Del resto, è utile ricordare che nel caso delle materie concorrenti
non ci troviamo di fronte ad un'attribuzione di competenza legislativa
regionale fondata sull'assenza di riserve a favore della legislazione statale
(art. 117, quarto comma), bensì, ci troviamo di fronte ad un elenco
di materie espressamente riservate alla competenza legislativa regionale,
e per le quali si indicano espressamente i limiti dell'intervento
legislativo statale (art. 117, terzo comma).
Accertata, quindi, nella fattispecie in esame, la possibilità
per la Regione Lombardia d'intervenire nell'ambito delle materie concorrenti,
la Corte ha infine affrontato la questione del rispetto dei principi fondamentali
relativamente al lamentato, dal Governo, maggiore livello di sicurezza
realizzato dalla normativa impugnata, mentre questi dovrebbe essere
identico sull'intero territorio nazionale. La fissazione di adempimenti
differenziati (infatti) realizzerebbe "alterazioni
sotto il profilo della concorrenza in danno di quelle imprese che si trovano
ad operare in regioni la cui disciplina più gravosa costringe ad
affrontare costi maggiori".
Nel caso specifico, è stato sin troppo agevole, per la Corte,
ripartire le competenze assegnando la determinazione degli obiettivi da
perseguire alla legislazione statale e la realizzazione degli stessi alla
competenza legislativa della Regione:
In proposito è da
osservare, indipendentemente dalla inammissibile "degradazione" della legge
regionale a regolamento regionale, che i ricordati artt. 72 del d.lgs.
n. 112 del 1998 e 18 del d.lgs. n. 334 del 1999 stabiliscono che le regioni
provvedono a disciplinare la materia con specifiche normative ai fini,
in particolare, di "garantire la sicurezza del territorio e della popolazione".

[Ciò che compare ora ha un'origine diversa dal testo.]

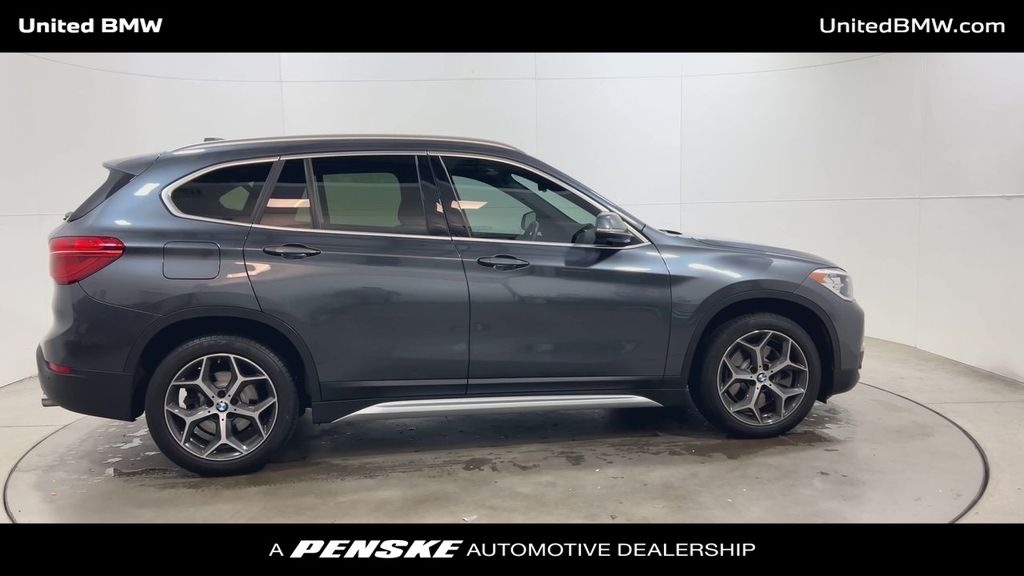 Thumbnail: 2019 BMW X1 - 9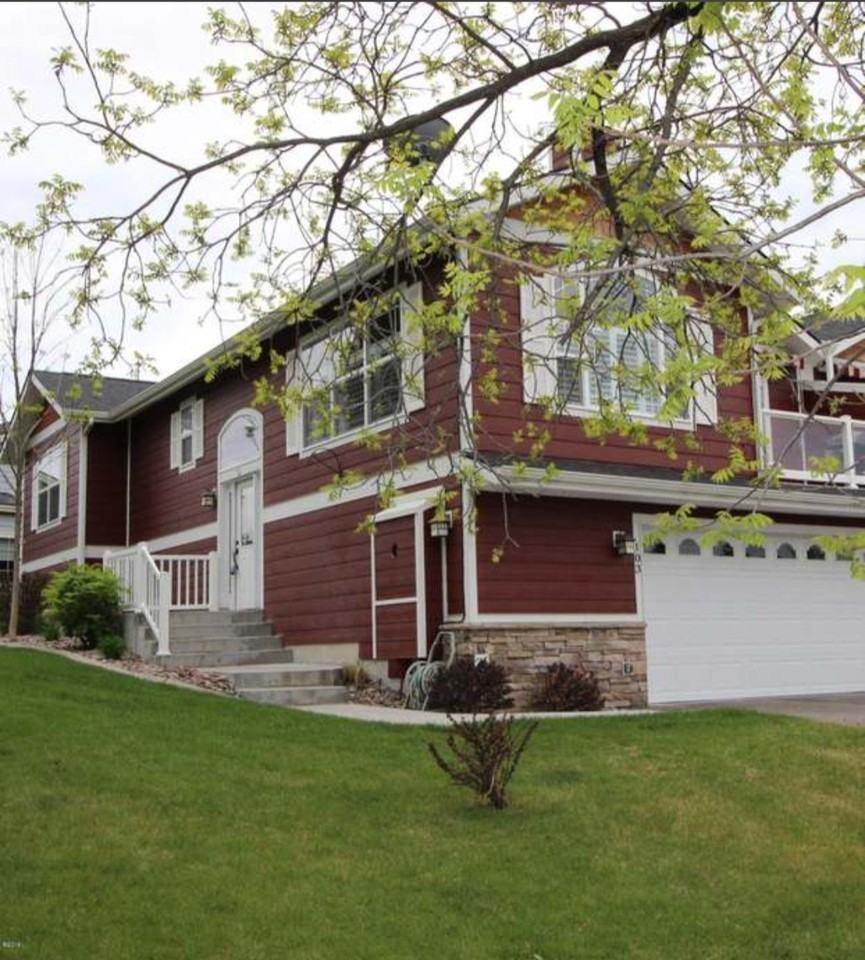 103 Golden Bear Dr - Photo 2 of 9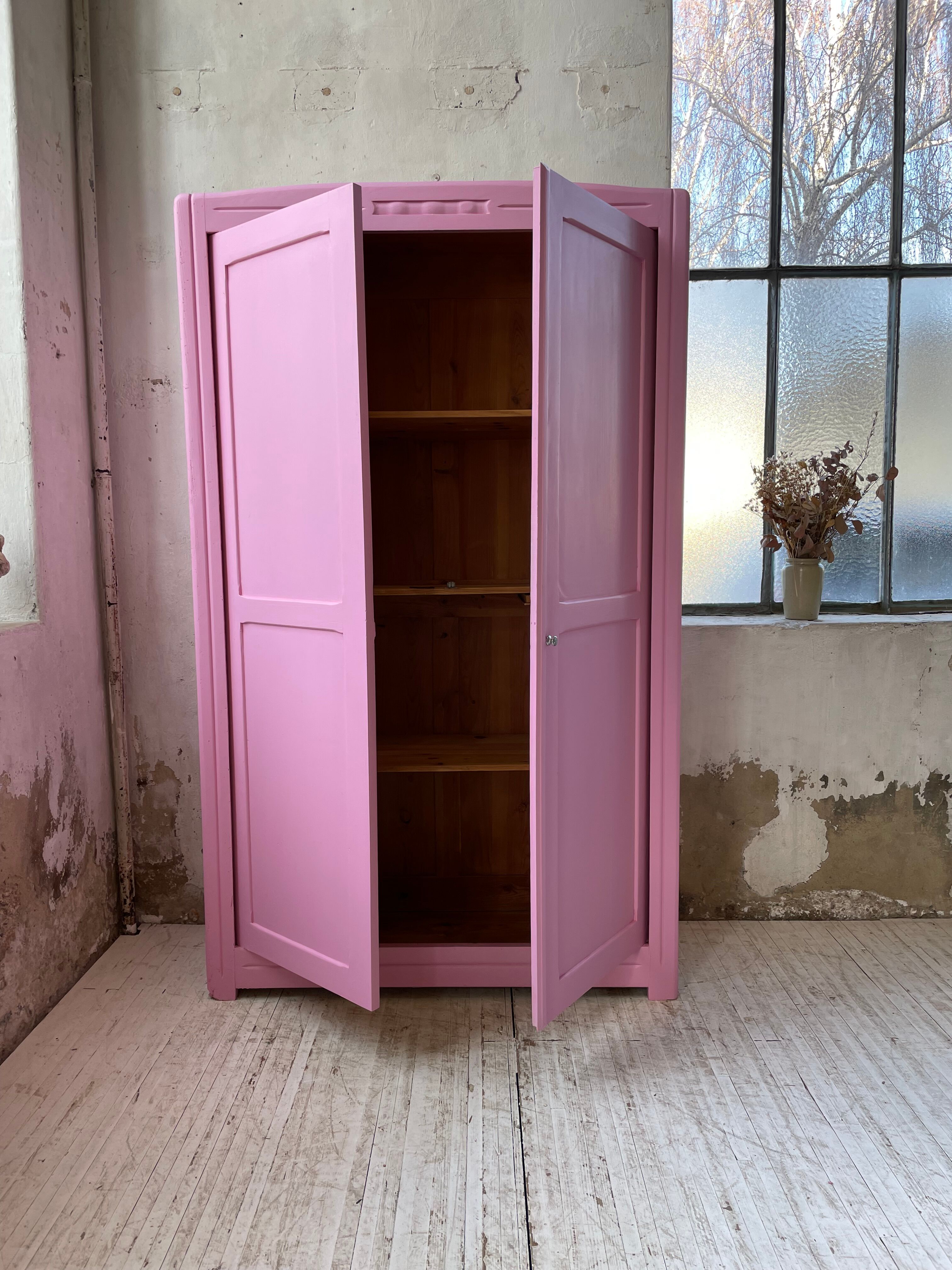 Pink knitted cabinet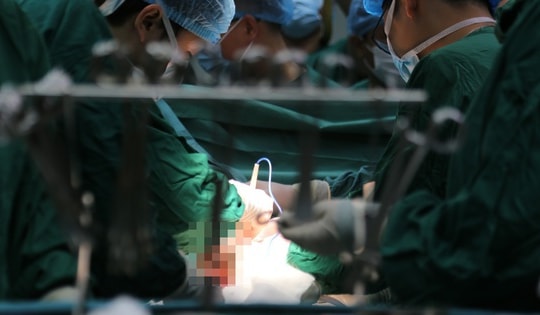 Thanh niên bị TNGT chết não hiến đa tạng hồi sinh nhiều cuộc đời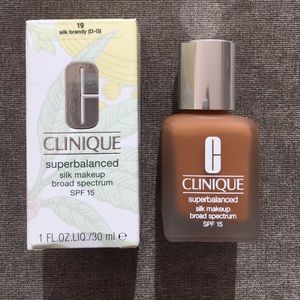 Clinique Superbalanced Silk Makeup SILK BRANDY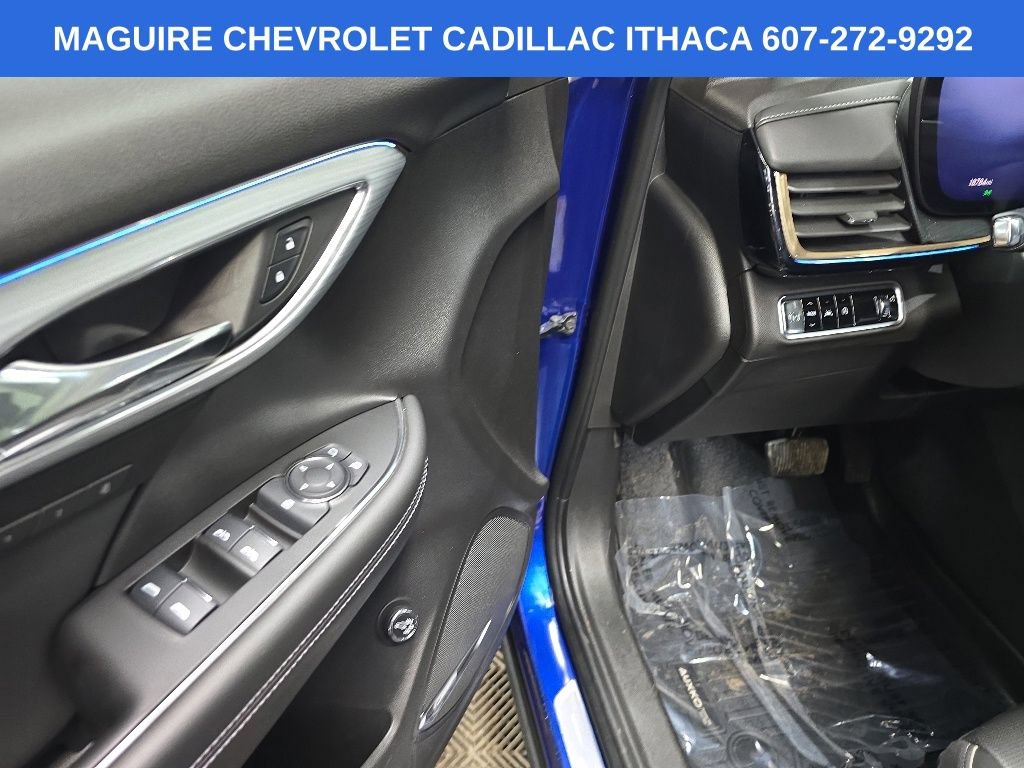 Used 2024 Buick Envision Avenir AWD/4WD image 28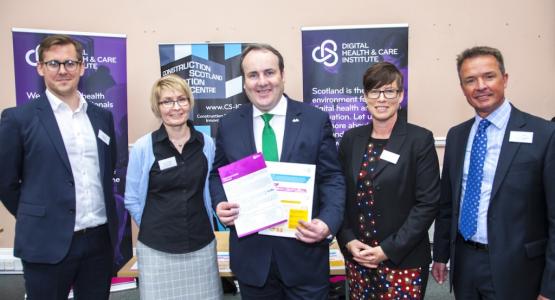 (L-R) Lewis Gale and Dr Sanna Rimpiläinen, FUTUREquipped; Paul Wheelhouse, Minister Business, Innovation and Energy; Rohan Bush, FUTUREquipped, John Foster, CSIC
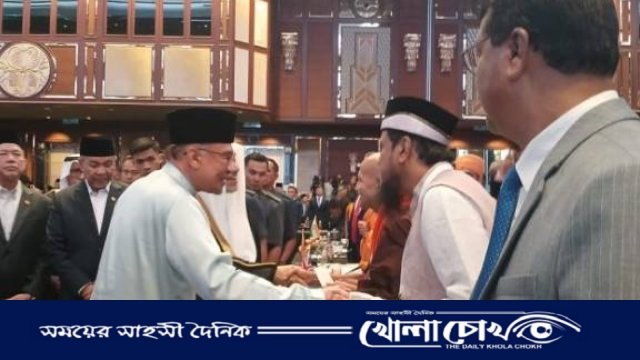 মালয়েশিয়ার প্রধানমন্ত্রীর সাথে ড. আবু রেজা নদভীর সৌজন্য সাক্ষাৎ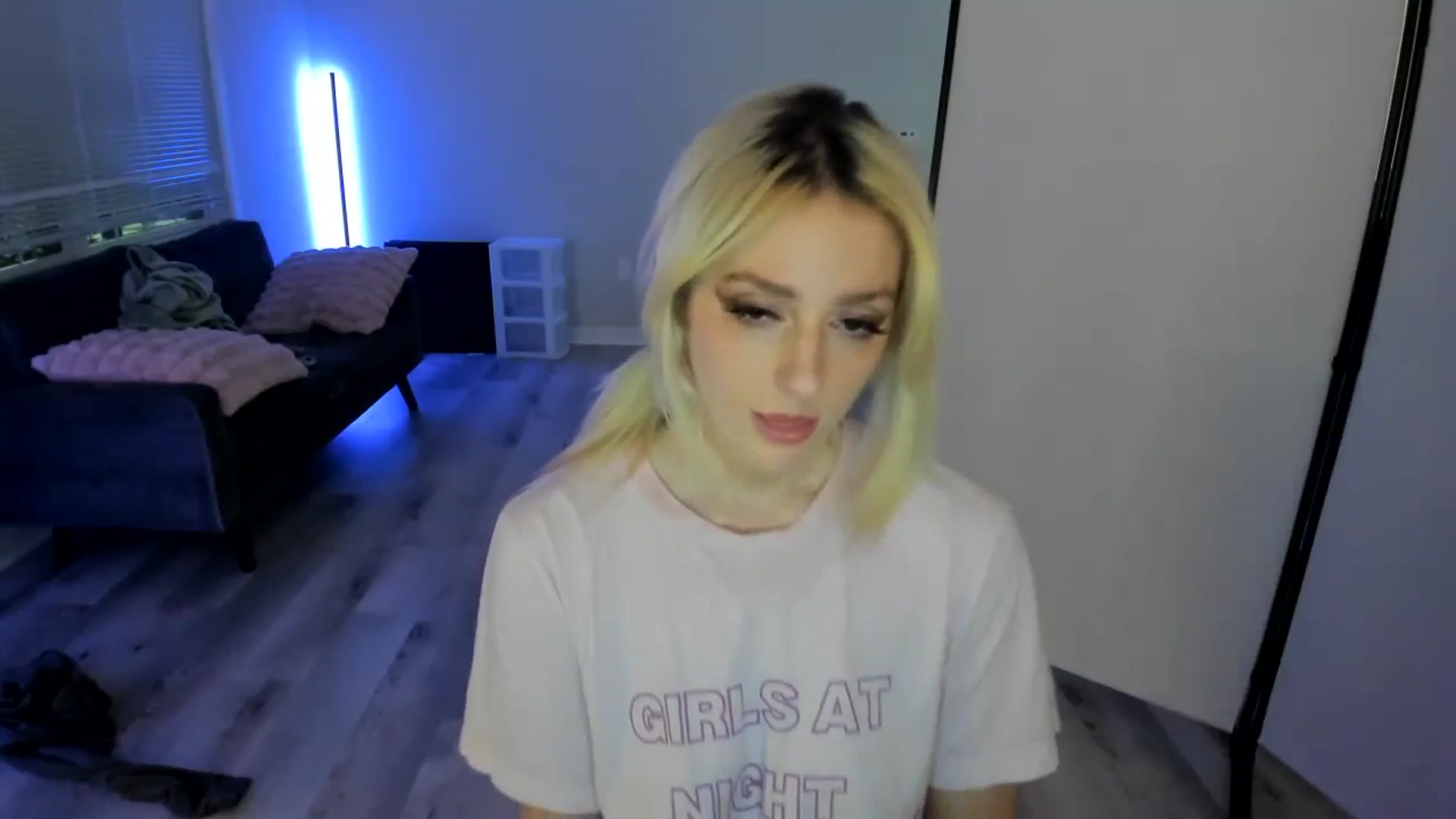 Gallery image thumbnail from Milk_Party's myfreecams stream on, 06/08/2024, 07:25 image 5 of 20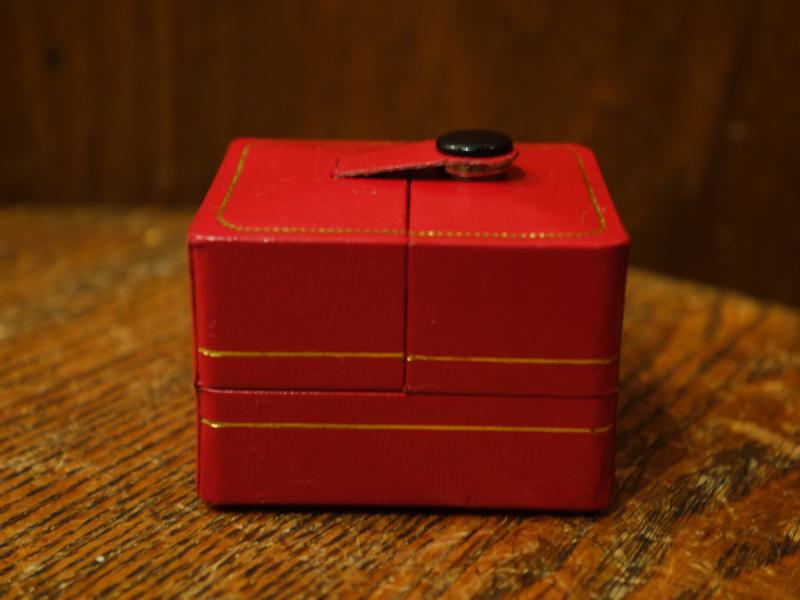 レトロ赤リングケース LCM 7755(6)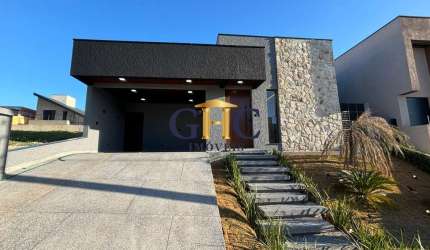 VENDO CASA TÉRREA NO CONDOMÍNIO CYRELA LANDSCAPE - VOTORANTIM/SP
Área terreno: 305 m² / Área constr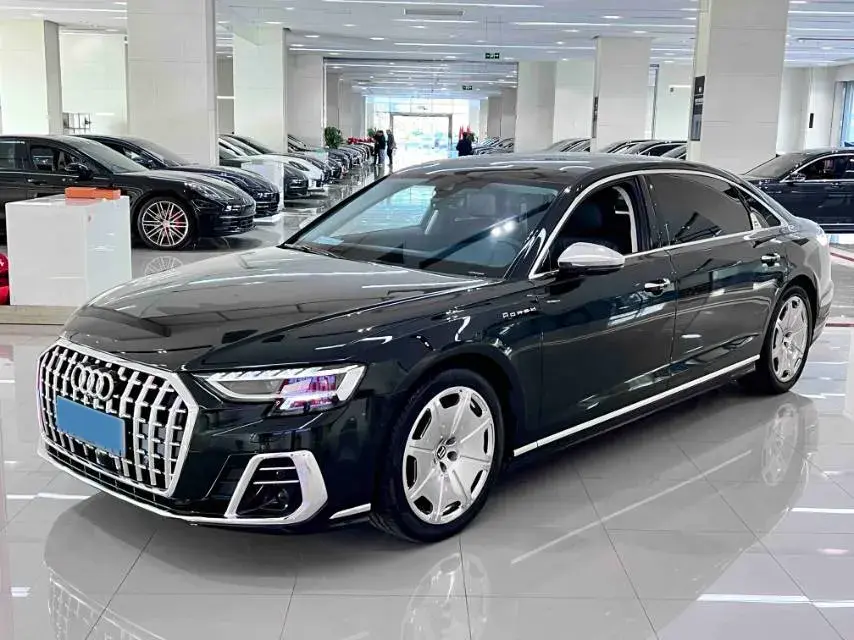 2022 Audi A8 3.0T 340HP V6 8AT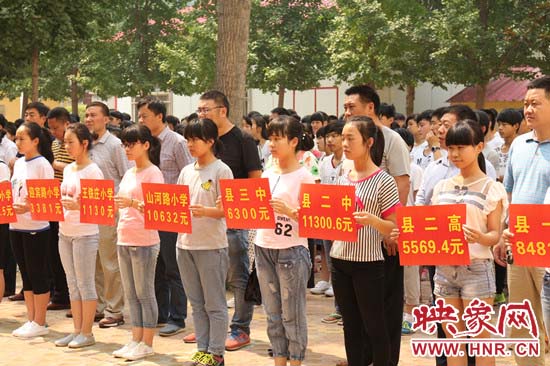 經(jīng)過一周的廣泛宣傳動員，全縣教育系統(tǒng)共捐款174113元。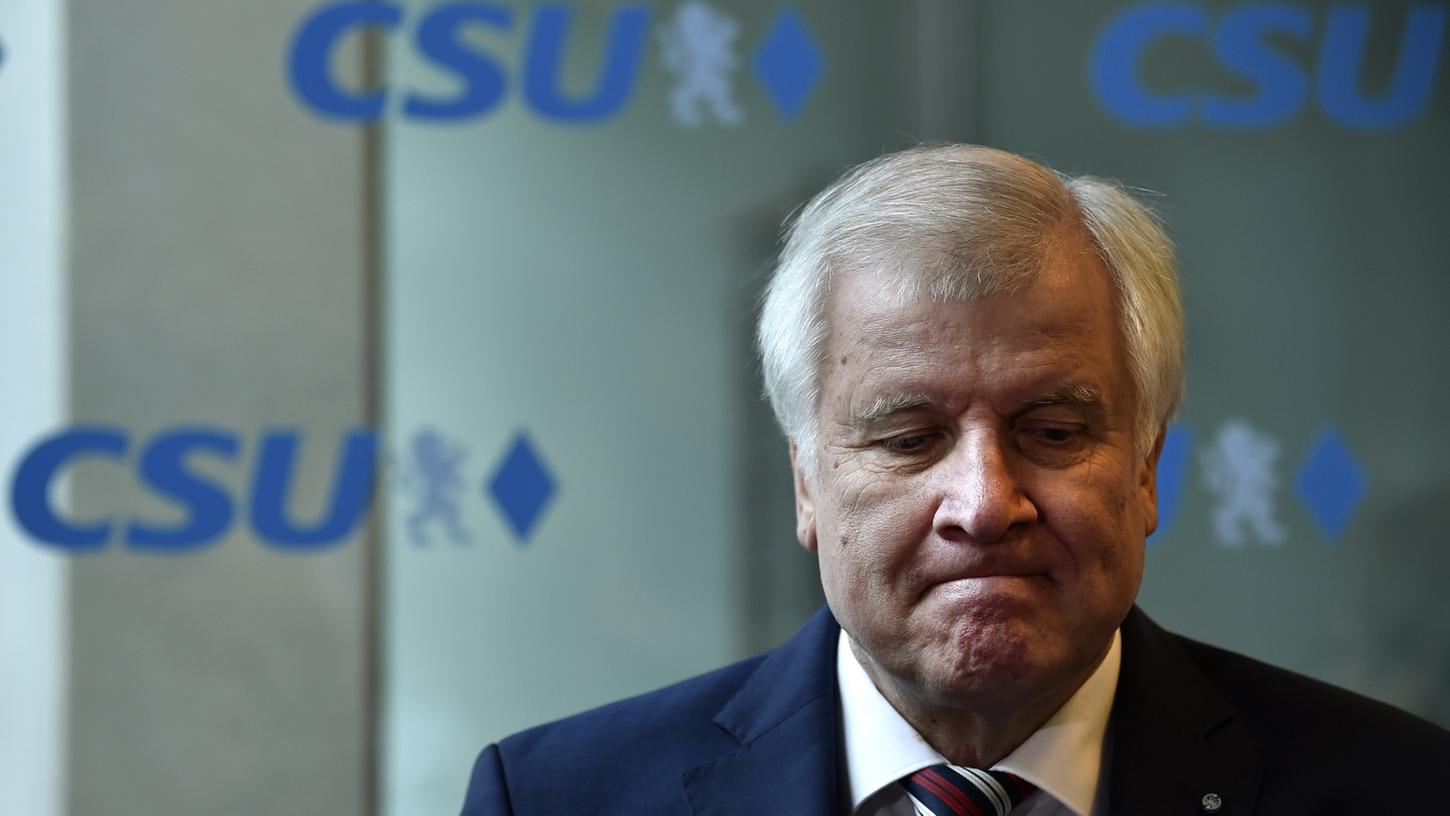 Immer mehr Stimmen werden laut, die den Rücktritt von CSU-Chef Horst Seehofer fordern.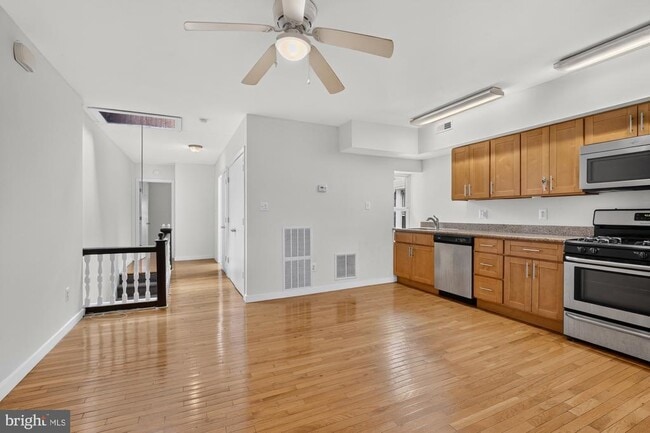 Building Photo - 4307 Locust St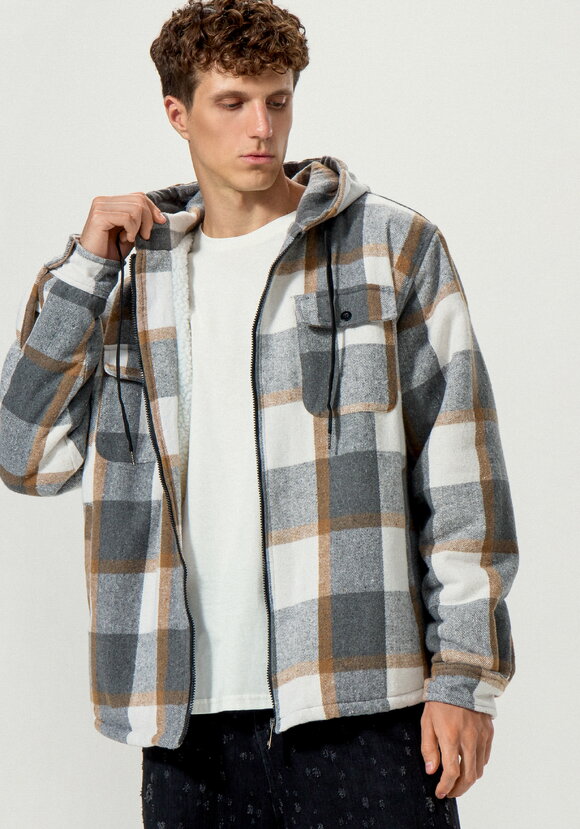 Рубашка с капюшоном и подкладом из шерпы шир.  580, рис. 46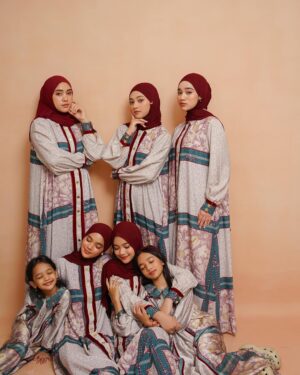 Nabila Taqiyyah Instagram - eid isn’t just a day, it’s a beautiful feeling💌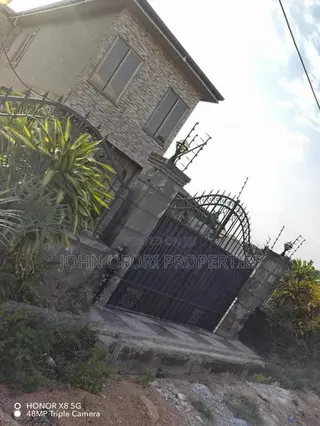 2bdrm Apartment in Ayeduase K 5 Juncion, Kumasi Metropolitan for rent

In questa ottica vanno appunto respinte le prospettate censure incentrate
sull'asserito superamento dei limiti prestabiliti dal citato decreto legislativo
n. 334 del 1999, dal momento che la Regione Lombardia può ragionevolmente
adottare, nell'ambito delle proprie competenze concorrenti, una disciplina
che sia maggiormente rigorosa, per le imprese a rischio di incidente rilevante,
rispetto ai limiti fissati dal legislatore statale, proprio in quanto diretta
ad assicurare un più elevato livello di garanzie per la popolazione
ed il territorio interessati. (407/2002)
Viene quindi confermata la possibilità di un diverso regime
di godimento di diritti. Nel caso specifico certamente in positivo, per
i residenti della Regione Lombardia, ma ugualmente allarmante in riferimento
alla possibilità, in linea di principio, che nelle Regioni più
ricche possano determinarsi livelli più elevati delle prestazioni
su materie quali l'istruzione e la sanità, con conseguente handicap
per i residenti delle Regioni con meno risorse.